Zero conditional mean of the error term is one of the key conditions for the regression coefficients to be unbiased.

My question is: how can this assumption at all be violated if errors are equal to real observations of Y minus their conditional means (means for a slice of the sample described by the same value of X)?

Shouldn't the conditional expected value (for a slice of the sample described by the same value of X) of such errors always be equal to zero?

• It may help to distinguish between error $\epsilon$, and residual. Apr 29, 2016 at 21:47
• Nov 28 at 13:37

In a more technical parlance, I believe your asking, is the strict exogeneity assumption ever violated. Where the strict exogeneity assumption is...

$$E(\epsilon|X)=0$$

In practice this happens all the time. As a matter of fact the majority of the field of econometrics is focused on the failure of this assumption. When does this happen...

Let's assume that $$\epsilon \sim N(0,1)$$, so $$E(\epsilon) = 0$$. We know that if $$\epsilon$$ and $$X$$ are independent then $$E(\epsilon|X) = E(\epsilon) = 0$$. However, what if $$X$$ and $$\epsilon$$ are correlated such that $$Cov(X,\epsilon) = E(X'\epsilon) - E(X)E(\epsilon) = E(X'\epsilon) \neq E(\epsilon) = 0$$. This implies that $$E(\epsilon|X) \neq 0$$

Clearly the strict exogeneity assumption fails if $$X$$ and $$\epsilon$$ are correlated. The question is, does this ever happen? The answer is yes. As a matter of fact, outside of experimental settings, it happens more often then not. The most common example is omitted variable bias. Matthew Gunn's post discusses this. Another pedagogical example is as follows, imagine you run a regression of ice cream sales over time on the number of people wearing shorts over time. You will likely get a very large and significant parameter estimate. However you're not going to go running to Haagen Daz executives telling them they should start running advertisements for summer wear. It is obvious that there is a missing variable, temperature. This is a violation of the strict exogeneity assumption because number of people wearing shorts ($$X$$) is correlated with our omitted variable temperature which is contained in the error term ($$\epsilon$$)

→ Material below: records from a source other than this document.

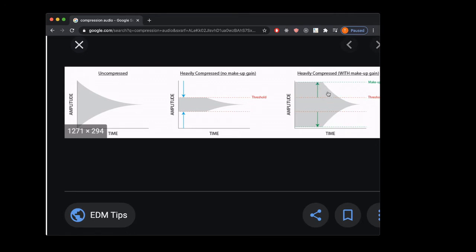This is why genres like dubstep or metal will sound louder to the human ear even if played at the same volume as classical music, because classical music has a wider dynamic range — a wider difference between the loudest and quietest sounds in the mix.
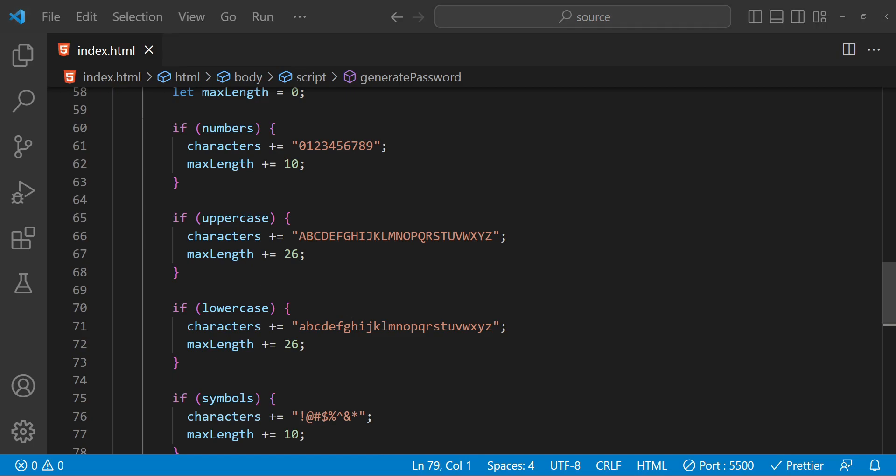Now you have a fully functioning password generator that allows the user to customize their password options and display the generated password. I hope you found this tutorial helpful — if you did, please don't forget to like and subscribe to stay up to date on future tutorials. Thanks for watching and I will see you in the next one.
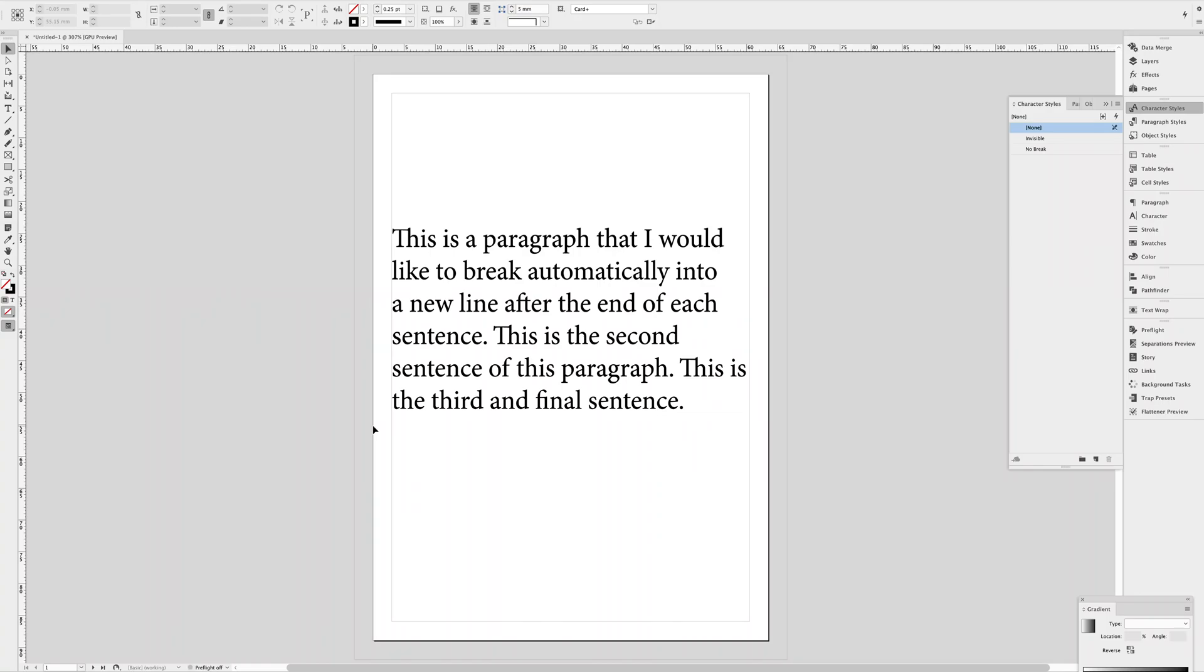Hello, hello. It's been a while, but I just wanted to share one quick little tip that I've been using lately to automatically break lines in data-merged text.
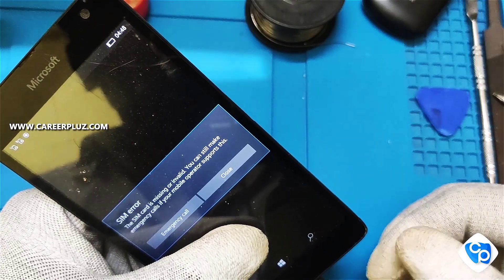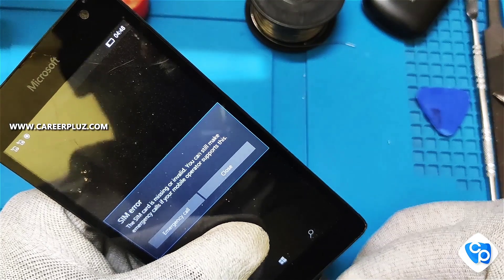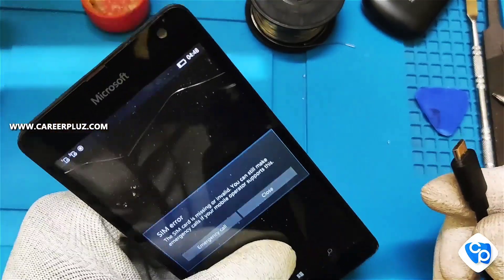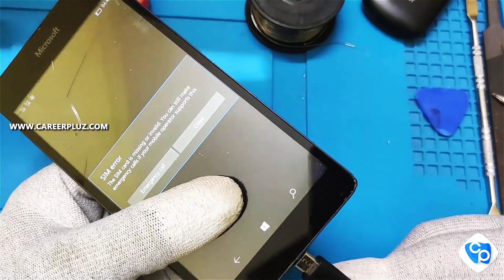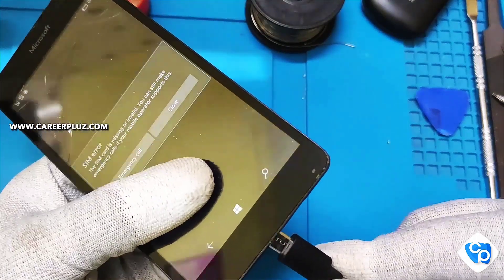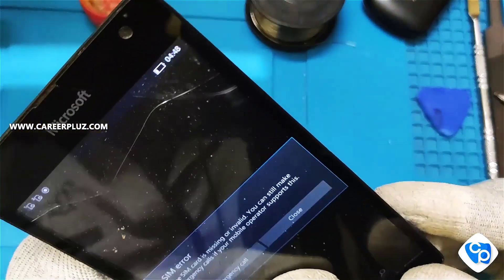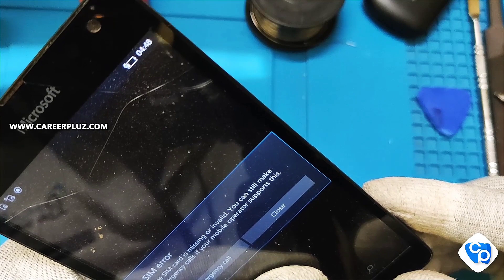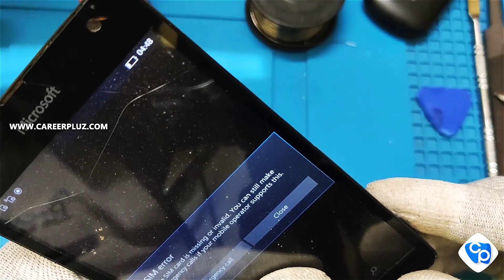This is the process for fixing the mobile charging problem. Friends, hope you all have enjoyed this video. Like, share, and comment on my channel, subscribe to my channel, and don't forget to press the bell button. Thank you for watching.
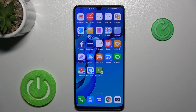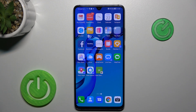Hey guys, welcome to Hardest Info Channel. Today I have Huawei Mate 20x and I want to show you how to clear up cache and data on this device.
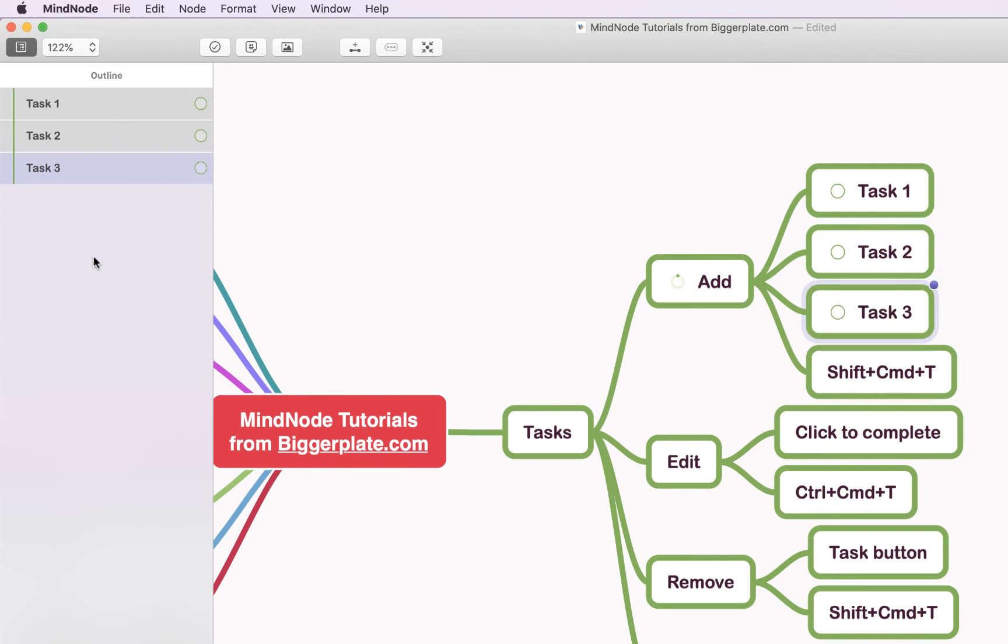It's just a useful bit of functionality if you have a large mind map with a lot of tasks and you want to really home in on which are the ones that you've not yet completed. This outline filtering functionality combined with tasks can be really useful.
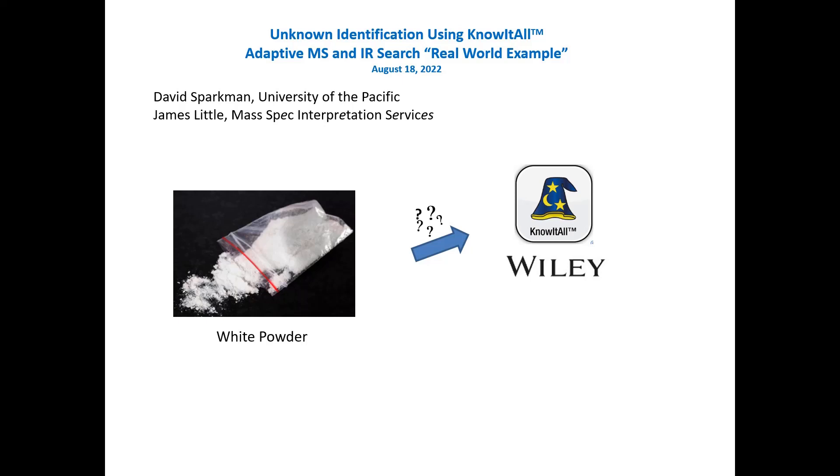Good afternoon. My name is James Little, and I'd like to describe some work that David Sparkman and I did on the unknown identification of a white powder using the know-it-all Wiley software. In particular, we used the adaptive mass spec and infrared search on this real-world example.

Notice that the parameter estimate in our simple ice cream sales on number of shorts model is biased. Once we include the temperature in the model the, the number of shorts parameter will change. More formally:

$$\hat \beta = (X'X)^{-1}X'Y = \beta + (X'X)^{-1}X'\epsilon$$ If $$X$$ and $$\epsilon$$ are correlated then ...

$$E(\hat \beta) = \beta + (X'X)^{-1}E(X' \epsilon)$$

So the bias is $$(X'X)^{-1}E(X' \epsilon)$$ which vanishes if the $$E(X' \epsilon)=0$$

• Let's look at it geometrically. The population regression line goes through the averages of all Y values, each of which corresponds to a single X value. The average conditional errors are simply the sums of differences between each actual Y value corresponding to a single X value and the average of Y for this X, all of this divided by a number of errors. This number should always be zero. Apr 29, 2016 at 22:32
• As conjuteprior mentions you are confusing errors (i.e. from the true population DGP) and residuals (the "errors" you get when you estimate your model). By construction there will be no correlation between you residuals and data. That, however, does not preclude your data from being correlated the true unobserved errors. This is what makes the violations of the strict exogeneity assumption so vexing. Namely, your model will not be able to tell you if your violating it. See the update above. Apr 30, 2016 at 0:21

In American football, the total score is given by:

Total football score = 6 * (Touchdowns) + 1 * (ExtraPoints) + 2 * (TwoPointConversions) + 2 * (safeties) + 3 * field goals.

But if you ran the regression:

TotalFootBallScore = b1 * touchdowns + b2 * fieldgoals + e

You wouldn't estimate a value of 6 for b1. Regress the total football score on number of touchdowns and field goals, and you would almost certainly estimate that touchdowns are worth more 7 or more points rather than 6. Your error term e in this case contains the points scored from extra points and two points conversions, and those are almost certainly not zero conditional on knowing the number of touchdowns.